* EXERCISE AIM *
With the images removed, write out every line below exactly.

Extracted records
=== Section Start ===

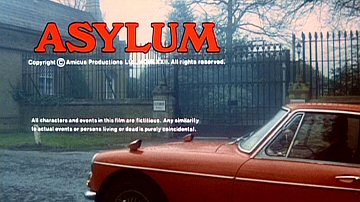 Header Critique : ASYLUM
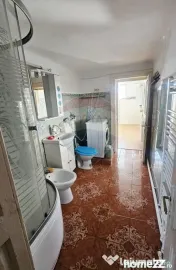 Apartament cu 3 camere de vânzare în zona Central 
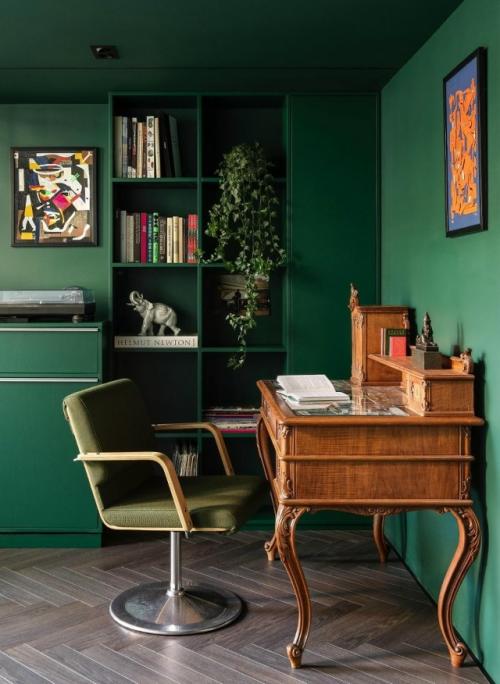 Квартира в Санкт-петербурге, расположенная в доме XIX века, стала тонким диалогом между прошлым и настоящим. 02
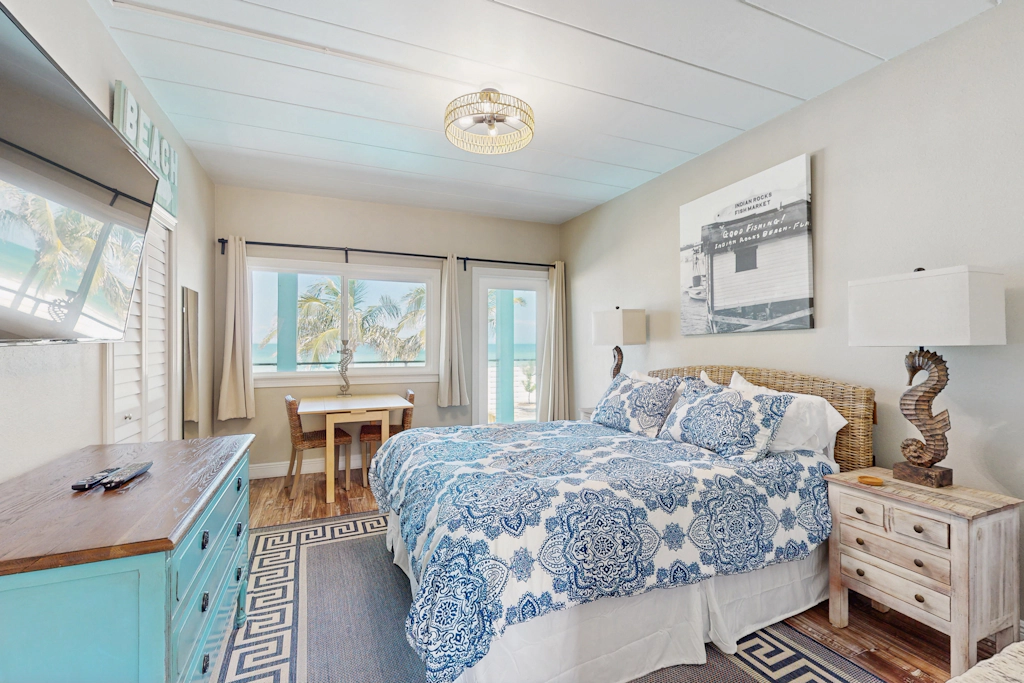 Gulf front condo top floor beach access full kitchen and central AC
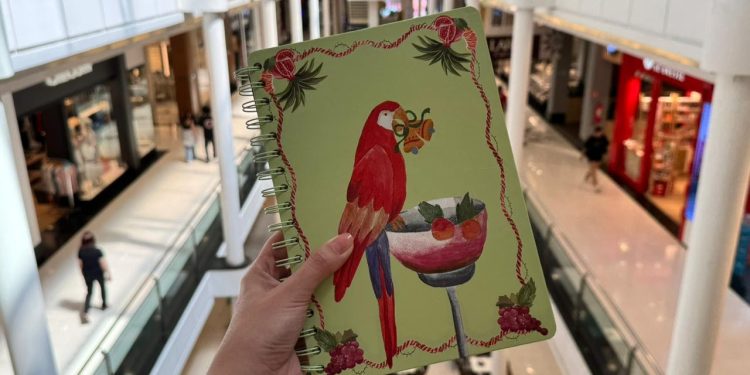 Shopping Curitiba arrecada materiais escolares e dá ingressos de cinema para clientes que doarem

=== Section End ===

* TASK OUTPUT *
 Header Critique : ASYLUM
 Apartament cu 3 camere de vânzare în zona Central 
 Квартира в Санкт-петербурге, расположенная в доме XIX века, стала тонким диалогом между прошлым и настоящим. 02
 Gulf front condo top floor beach access full kitchen and central AC
 Shopping Curitiba arrecada materiais escolares e dá ingressos de cinema para clientes que doarem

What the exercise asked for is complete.